• [INFORMATION PROVIDED]:
--- START ---
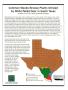Pamphlet: Common Woody Browse Plants Utilized by White-Tailed Deer in South Tex…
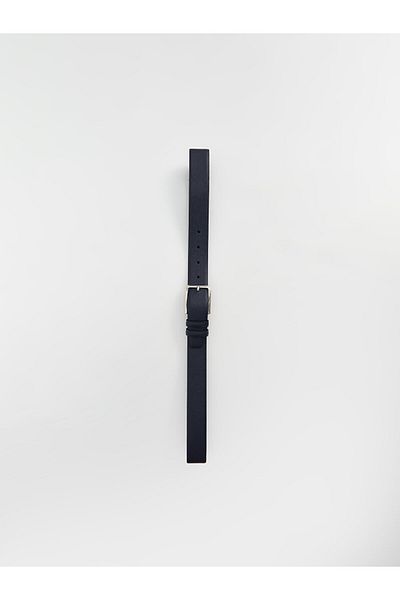 LC Waikiki Ανδρική Ζώνη - Δερμάτινο Look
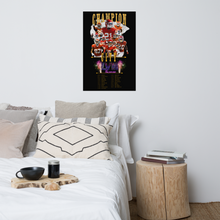 Load image into Gallery viewer, CHAMPION CITY POSTER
--- END ---
• [INSTRUCTIONS FOR THE TASK]: For this task, give the full listing again verbatim and keep out every picture.

• [RESULT]:
Pamphlet: Common Woody Browse Plants Utilized by White-Tailed Deer in South Tex…
 LC Waikiki Ανδρική Ζώνη - Δερμάτινο Look
 Load image into Gallery viewer, CHAMPION CITY POSTER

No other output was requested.